General Motors continued its struggles, going back to its same old bag of tricks for another round of zero percent financing in a bid to spur cash- (and credit-) strapped consumers to take on yet more debt. The carmaker also will cut production of SUVs and pickup trucks for the second time in the last few weeks and increase the number of fuel-efficient cars it churns out.
The Wall Street Journal and Financial Times put the news on page one, while The New York Times drops it on C1. The Journal says it’s a move to fight the deep sales doldrums of the auto industry at a time when GM is about to fall to No. 2 in U.S. car sales to Toyota, an event that will be yet another reminder of its epic fall from domination. Just eight years ago, GM had 30 percent of that market, more than three times Toyota’s 9.3 percent, the WSJ reports. GM will offer up to six years of interest-free financing, though it’s raising 2009 prices by 3.5 percent.

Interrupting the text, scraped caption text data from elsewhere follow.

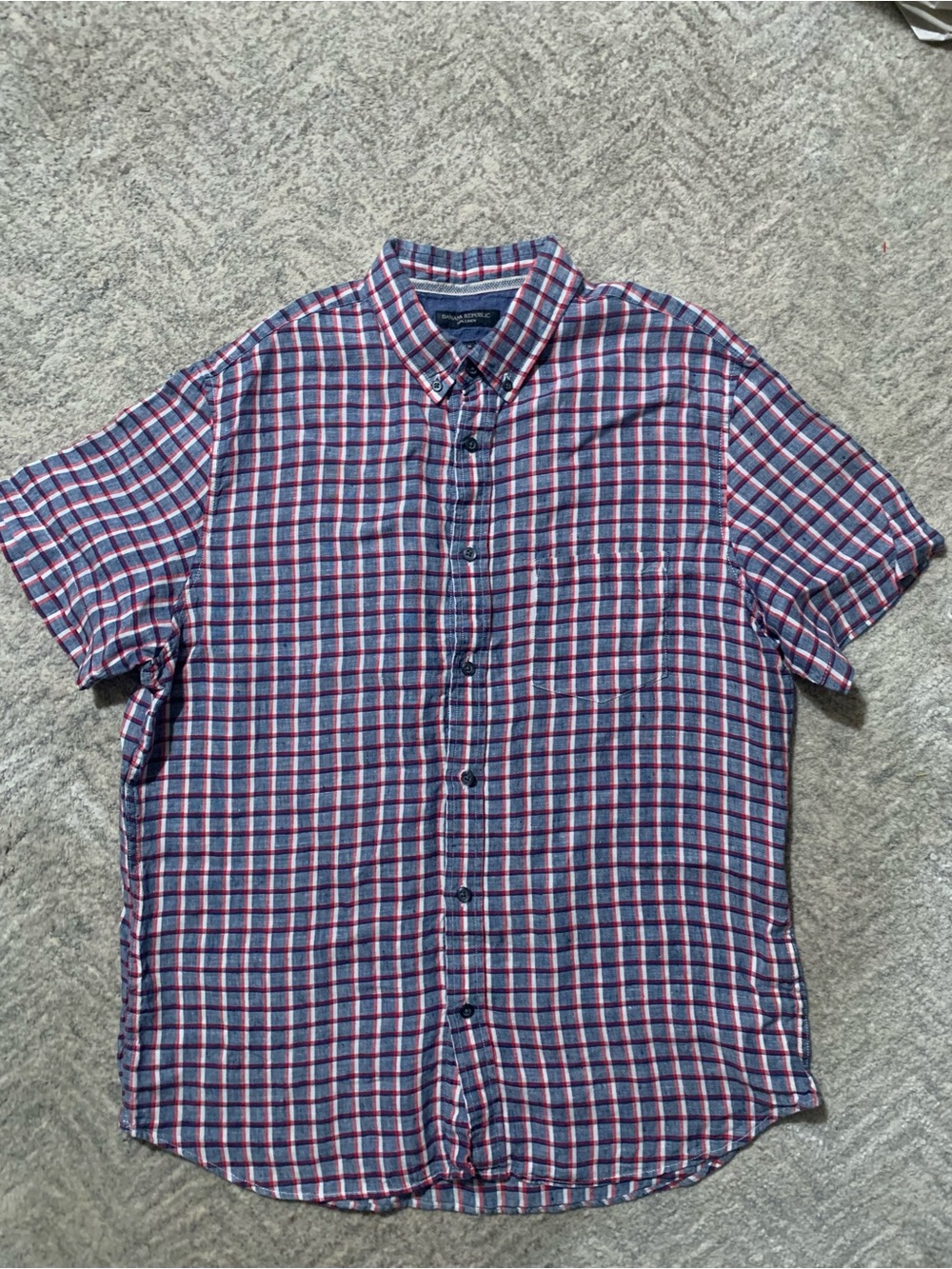 Banana Republic Short-Sleeve Plaid Button-Down Shirt - Blue & Red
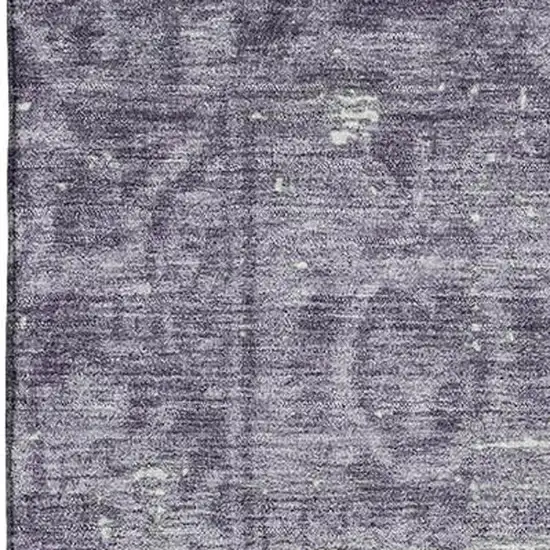 Purple And Silver Oriental Washable Area Rug With UV Protection Photo 2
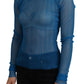 Dolce & Gabbana Elegant Blue Mesh Blouse Top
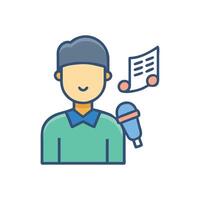 Singing talent icon with microphone and music sheet vector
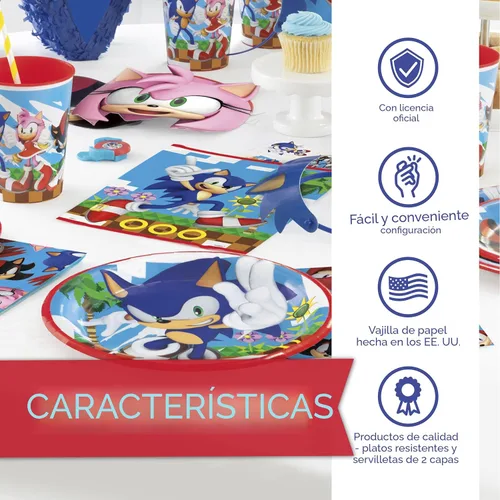 Vista 3 de Decoraciones de fiesta de cumpleaños de Sonic, sirve para 16 invitados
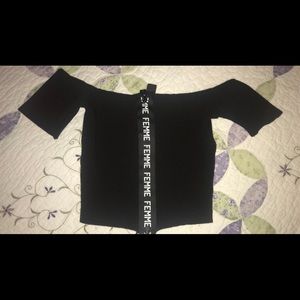 Black cropped top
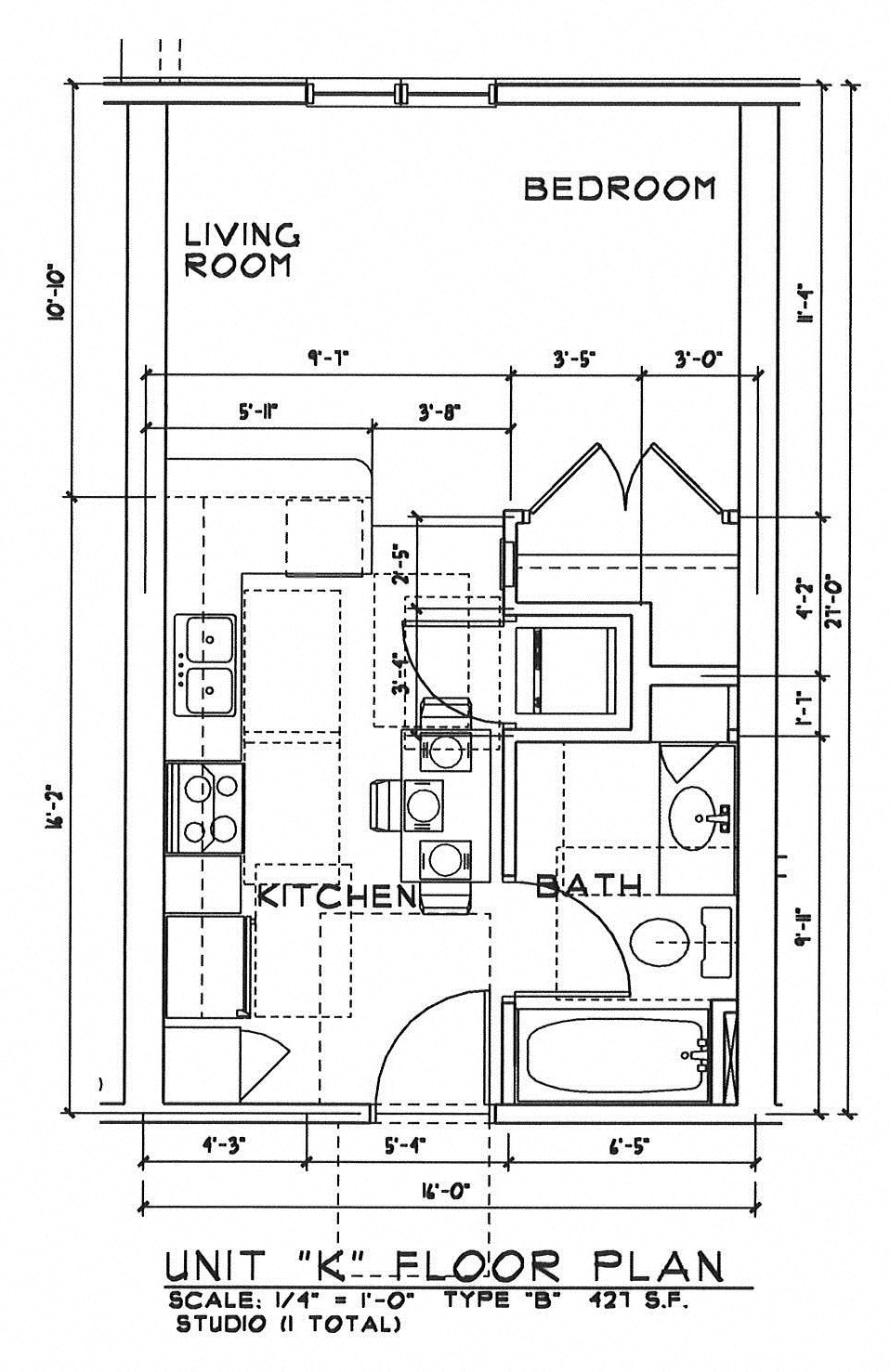 Floor plan for studio, 1 bath, 427 sqft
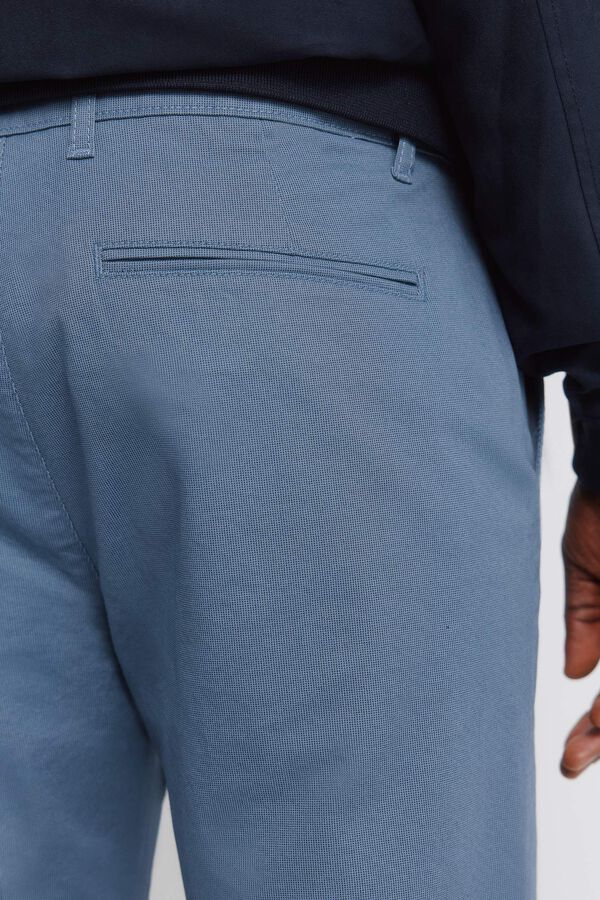 Springfield Slim fit micro-print trousers blue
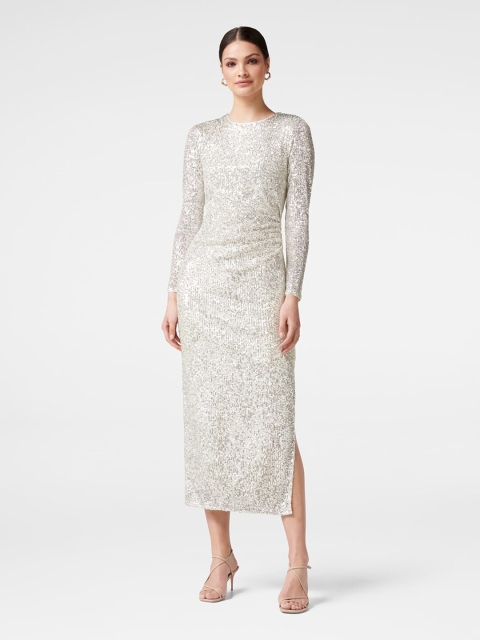 

Forever New Women Silver-Toned Embellished Sequined Sheath Midi Dress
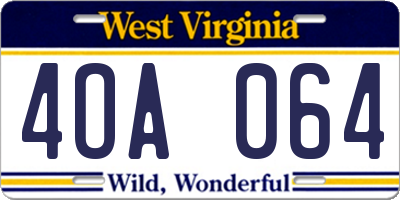 WV license plate 4OA064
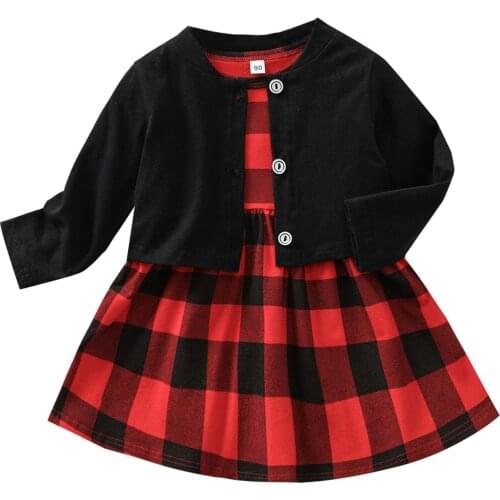 2Pcs Kids Autumn Outfit, Plaid O-Neck Long Sleeves Loose Dress + Buttons Cardigan For Girls 2021 New Fashion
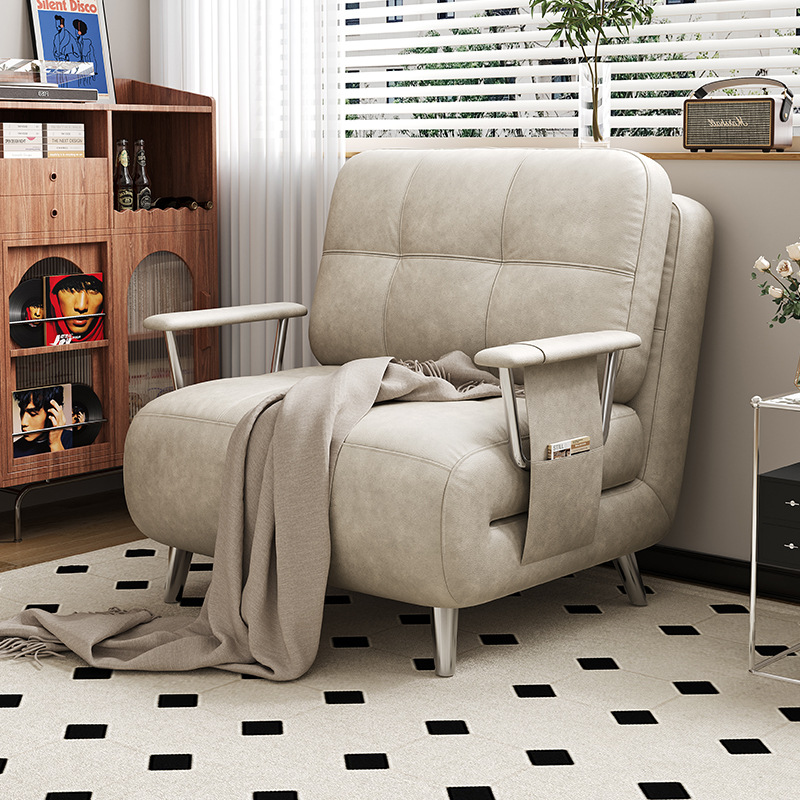 Sofá cama de estilo antiguo de estilo japonés, sofá cama plegable, sofá perezoso retráctil de doble uso pequeño retro de nuevo estilo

Sky-high gas prices have consumers shunning gas-guzzling vehicles, especially pickups and SUVs. The NYT says Ford’s F-150 is selling so poorly (having been the top vehicle for twenty-six years in a row, it’s now No. 5) that the company is delaying the 2009 model by two months so dealers have something of a chance to clear some of their 2008 inventory. Pickup sales are down 32 percent and SUV sales are down 42 percent from 2007, the FT says.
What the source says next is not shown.